* WHAT NEEDS TO BE DONE
Scan the records below. Report the number of lines containing the word "image", and nothing more.

Start of DATASET EXTRACT

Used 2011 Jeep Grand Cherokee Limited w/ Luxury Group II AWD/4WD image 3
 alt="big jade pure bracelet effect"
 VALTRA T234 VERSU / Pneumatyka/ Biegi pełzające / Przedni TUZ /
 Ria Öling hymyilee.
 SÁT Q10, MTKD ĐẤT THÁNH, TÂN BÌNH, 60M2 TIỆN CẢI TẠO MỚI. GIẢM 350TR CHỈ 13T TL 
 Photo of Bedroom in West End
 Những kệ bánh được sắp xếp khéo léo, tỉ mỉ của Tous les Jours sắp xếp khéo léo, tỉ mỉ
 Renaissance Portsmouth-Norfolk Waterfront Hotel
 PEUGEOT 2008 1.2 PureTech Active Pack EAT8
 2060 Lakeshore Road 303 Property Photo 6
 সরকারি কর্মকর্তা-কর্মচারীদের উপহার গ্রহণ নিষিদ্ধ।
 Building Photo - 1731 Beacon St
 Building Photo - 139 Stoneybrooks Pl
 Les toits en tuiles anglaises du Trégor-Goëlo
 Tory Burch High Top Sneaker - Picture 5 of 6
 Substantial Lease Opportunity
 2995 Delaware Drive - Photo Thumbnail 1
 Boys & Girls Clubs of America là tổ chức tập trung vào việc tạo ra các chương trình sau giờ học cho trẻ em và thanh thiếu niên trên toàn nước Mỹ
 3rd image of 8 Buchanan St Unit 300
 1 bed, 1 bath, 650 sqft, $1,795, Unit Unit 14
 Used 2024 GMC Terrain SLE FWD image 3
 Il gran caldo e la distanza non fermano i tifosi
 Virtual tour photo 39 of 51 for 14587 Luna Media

End of DATASET EXTRACT

* ANSWER BOX
3